The history of the world holiday on the 1st May - May Day, or International Workers Day, held in commemoration of four anarchists executed for struggling for an 8-hour day.
Originally a pagan holiday, the roots of the modern May Day bank holiday are in the fight for the eight-hour working day in Chicago in 1886, and the subsequent execution of innocent anarchist workers.
In 1887, four Chicago anarchists were executed; a fifth cheated the hangman by killing himself in prison. Three more were to spend 6 years in prison until pardoned by Governor Altgeld who said the trial that convicted them was characterised by “hysteria, packed juries and a biased judge”. The state had, in the words of the prosecution put “Anarchy is on trial” and hoped their deaths would also be the death of the anarchist idea.

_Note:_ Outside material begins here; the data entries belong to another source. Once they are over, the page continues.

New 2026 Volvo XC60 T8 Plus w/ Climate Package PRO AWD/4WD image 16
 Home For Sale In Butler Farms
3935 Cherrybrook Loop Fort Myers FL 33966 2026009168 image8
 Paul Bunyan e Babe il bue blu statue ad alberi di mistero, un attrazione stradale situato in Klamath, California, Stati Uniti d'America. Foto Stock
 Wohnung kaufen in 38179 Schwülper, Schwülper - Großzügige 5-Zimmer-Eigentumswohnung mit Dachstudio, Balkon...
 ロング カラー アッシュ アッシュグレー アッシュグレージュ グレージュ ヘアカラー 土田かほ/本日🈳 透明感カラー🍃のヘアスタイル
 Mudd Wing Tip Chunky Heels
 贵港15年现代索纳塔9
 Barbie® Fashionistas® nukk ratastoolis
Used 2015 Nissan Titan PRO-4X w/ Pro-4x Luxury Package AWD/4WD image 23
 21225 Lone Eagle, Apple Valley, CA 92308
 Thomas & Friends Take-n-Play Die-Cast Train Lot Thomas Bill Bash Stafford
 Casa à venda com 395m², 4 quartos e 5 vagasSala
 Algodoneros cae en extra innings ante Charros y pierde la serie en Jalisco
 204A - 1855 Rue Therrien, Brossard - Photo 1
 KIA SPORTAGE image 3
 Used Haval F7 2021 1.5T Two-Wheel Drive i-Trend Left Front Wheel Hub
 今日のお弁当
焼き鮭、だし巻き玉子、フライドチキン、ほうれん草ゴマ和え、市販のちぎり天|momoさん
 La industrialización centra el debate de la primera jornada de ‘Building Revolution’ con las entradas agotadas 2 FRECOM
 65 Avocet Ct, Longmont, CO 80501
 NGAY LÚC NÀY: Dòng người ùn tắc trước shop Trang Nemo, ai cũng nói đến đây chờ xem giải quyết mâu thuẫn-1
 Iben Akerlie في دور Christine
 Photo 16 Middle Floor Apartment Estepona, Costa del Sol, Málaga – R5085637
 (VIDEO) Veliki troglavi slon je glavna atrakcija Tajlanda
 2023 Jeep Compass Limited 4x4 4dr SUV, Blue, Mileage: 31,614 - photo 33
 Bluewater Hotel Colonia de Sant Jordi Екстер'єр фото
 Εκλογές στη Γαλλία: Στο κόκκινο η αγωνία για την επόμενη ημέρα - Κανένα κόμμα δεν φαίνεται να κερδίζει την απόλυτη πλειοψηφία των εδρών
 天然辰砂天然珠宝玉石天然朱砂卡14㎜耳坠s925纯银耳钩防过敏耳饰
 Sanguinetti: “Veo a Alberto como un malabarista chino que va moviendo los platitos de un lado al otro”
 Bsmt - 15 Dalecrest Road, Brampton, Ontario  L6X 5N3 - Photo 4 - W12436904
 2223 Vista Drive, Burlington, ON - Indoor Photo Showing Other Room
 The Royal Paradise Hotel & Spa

The anarchists were trade union organisers and May Day became an international workers day to remember their sacrifice. They were framed on false charges of throwing a bomb at police breaking up a demonstration in Chicago. This was part of a strike demanding an 8 hour day involving 400,000 workers in Chicago that started May 1st 1886 .
It began over a century ago when the American Federation of Labour adopted an historic resolution which asserted that “eight hours shall constitute a legal day’s labour from and after May 1st, 1886”.
In the months prior to this date workers in their thousands were drawn into the struggle for the shorter day. Skilled and unskilled, black and white, men and women, native and immigrant were all becoming involved.